Durant les dernières années de sa carrière, Lichtenstein s'est passionné de plus en plus pour l'abstraction. Sa série Mirrors, par exemple, remettait en question la représentation et la perception en dépeignant un miroir comme un objet entièrement bidimensionnel. Il a ensuite développé cette approche dans la série Reflections, où il utilisait des couches pour déformer la perception du spectateur.

4.

La série a été réalisée avec seulement quatre couleurs.

Dans l'esprit même du Pop Art, Lichtenstein a toujours cherché à imiter l'esthétique et le processus de l'impression commerciale. Même dans cet ensemble d'œuvres semi-abstraites, Lichtenstein a maintenu sa palette à quatre couleurs : rouge, jaune, bleu et vert.

5.

La série parodie l'expressionnisme abstrait.

À l'instar de ses Brushstroke Faces satiriques, Lichtenstein parodiait dans cette série le caractère spontané supposé de l'Expressionnisme abstrait. Lichtenstein a prouvé ici que rien n'est laissé au hasard dans l'art, et que même les éclairs de lumière sont représentés avec une grande minutie. Dans ses Reflections On Expressionist Painting, par exemple, il imite l'apparence d'un coup de pinceau grâce au procédé d'impression industriel de Lichtenstein, tournant ainsi l'Expressionnisme abstrait en dérision.

6.

La série met un accent particulier sur l'interprétation du spectateur.

Avec des éclats graphiques de verre ou de lumière voilant la vue de la composition, Lichtenstein dissimule ses sujets à l'arrière-plan de ces œuvres. Dans Reflections On Girl, par exemple, Lichtenstein masque la bulle de texte inspirée des bandes dessinées qui était si essentielle à ses travaux précédents. Le demi-voile de cette bulle de texte joue, une fois de plus, avec la représentation et invite le spectateur à s'interroger sur ce qui pourrait se cacher sous la barrière peinte de Lichtenstein.

7.

Cette série tourne en dérision la reproduction mécanique de l'art.

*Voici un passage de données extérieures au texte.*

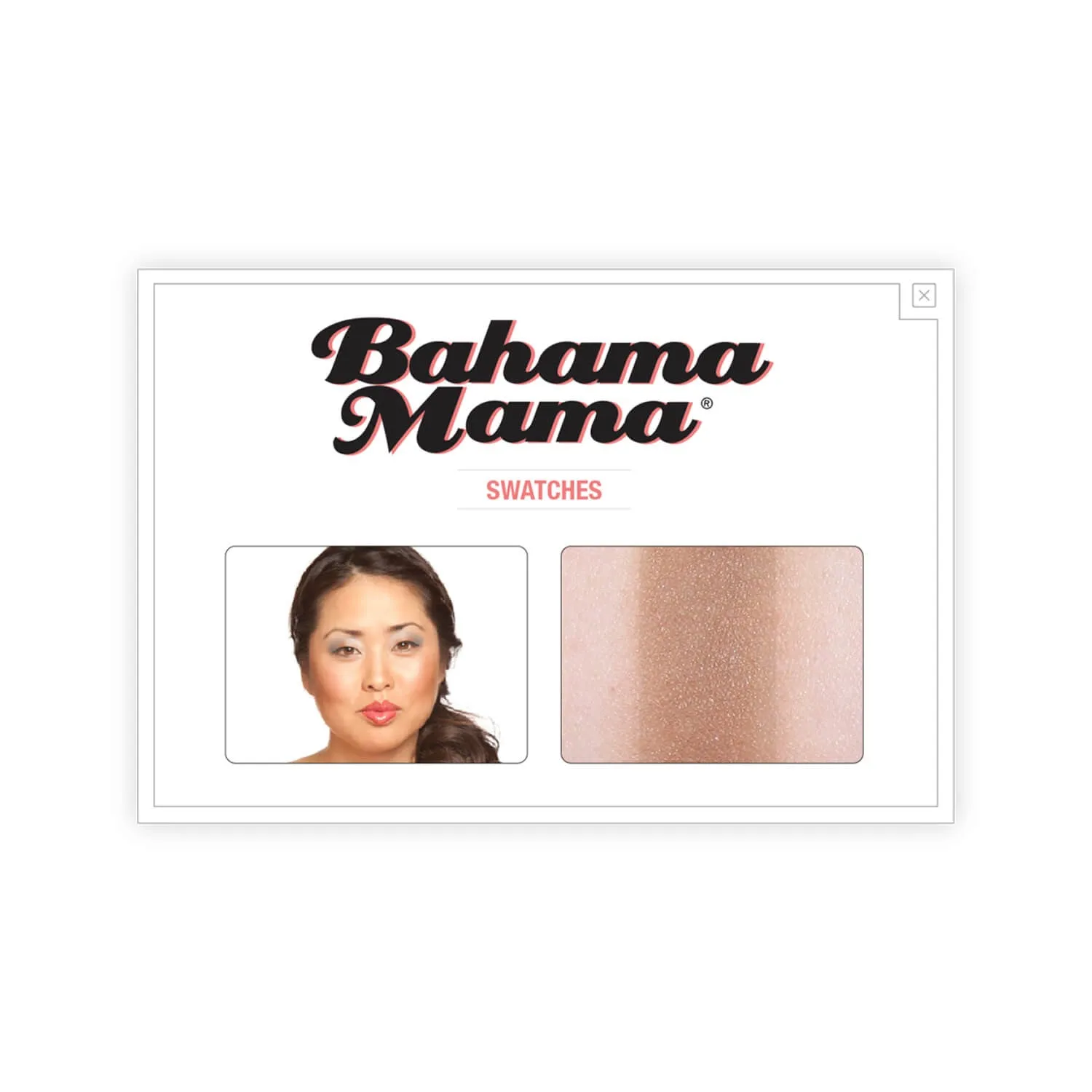 Bahama Mama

Les « Reflections » de Lichtenstein sont des images dans l'image, formées de couches de représentation. Ce faisant, il parodie l'essence du Pop Art, qui reposait sur la reproduction d'images populaires. Dans cette série, basée sur ses travaux antérieurs, Lichtenstein montre peut-être comment sa propre imagerie était devenue partie intégrante de la culture visuelle populaire en 1990.

8.

La série s'inspire d'un ensemble de peintures réalisées entre 1988 et 1993.

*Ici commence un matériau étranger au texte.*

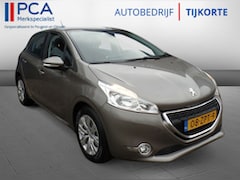Peugeot 208 - 1.2 VTi Envy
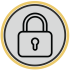 lock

L'idée de la série Reflections a d'abord germé dans la peinture. Comme Lichtenstein s'en souvenait lui-même : « Tout a commencé quand j'ai essayé de photographier une estampe de Robert Rauschenberg. Mais la lumière d'une fenêtre se reflétait sur la surface du verre et m'empêchait de prendre une bonne photo. »

9.

Les estampes de cette série sont techniquement très abouties.

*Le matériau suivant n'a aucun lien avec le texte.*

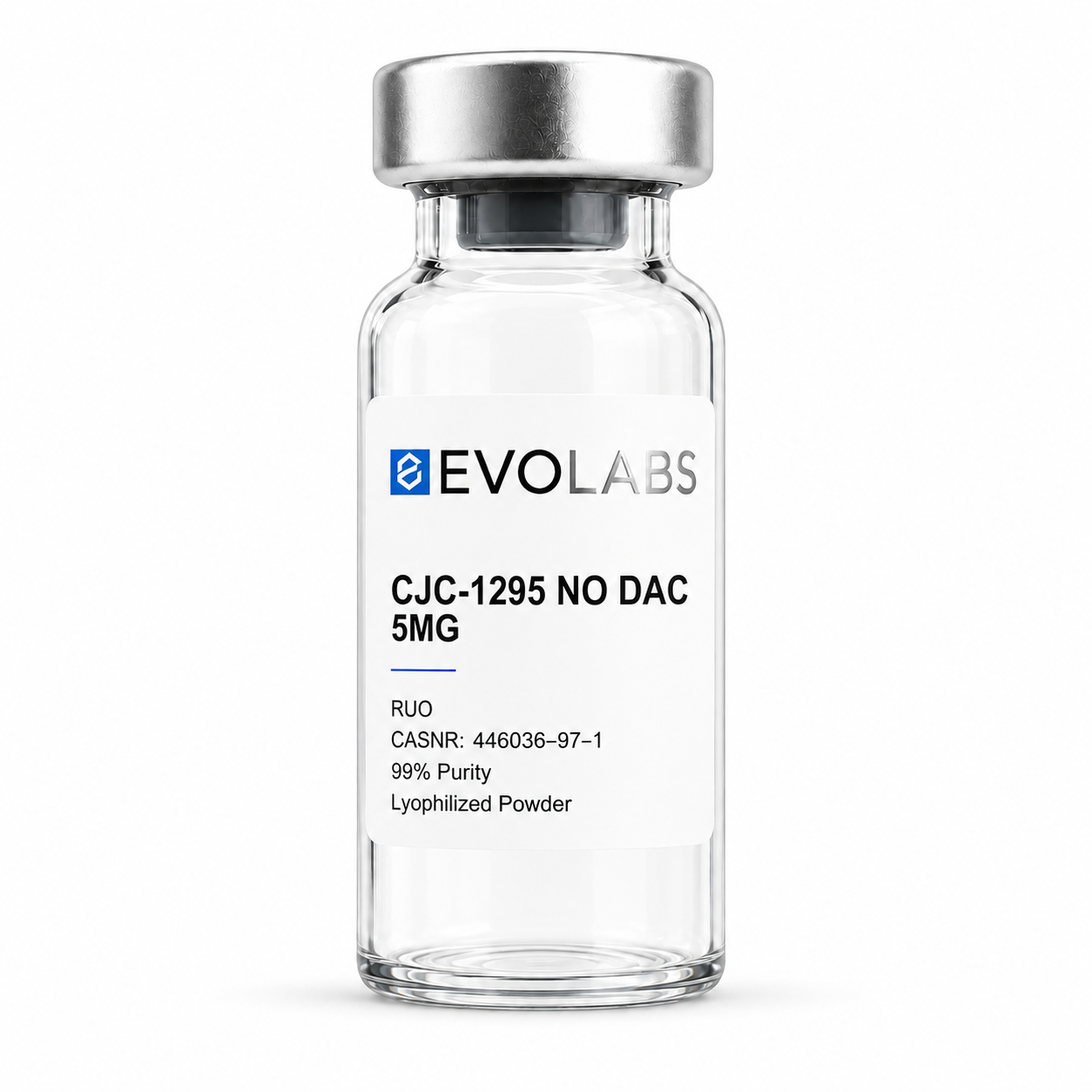 CJC No DAC 1295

Reflections On The Scream by Roy Lichtenstein
Reflections On The Scream © Roy Lichtenstein 1990

Réalisée à Tyler Graphics à Mount Kisco, New York, la série Reflections est l'une des plus techniquement abouties de Lichtenstein. Les estampes de cette série ont été produites en combinant lithographie, sérigraphie et gaufrage avec collage et embossage.

10.

La série retrouve une pertinence renouvelée aujourd'hui.

La série « Reflections » de Lichtenstein est entièrement axée sur la représentation et la représentation artistique. Cet ensemble d’œuvres a été inspiré par les tentatives de Lichtenstein de photographier une œuvre d’art derrière une vitre, un problème que les utilisateurs modernes de smartphones dans les galeries connaissent trop bien. Cette série était en avance sur son temps et constitue un commentaire important sur la perception et la manière dont nous envisageons l’art aujourd’hui.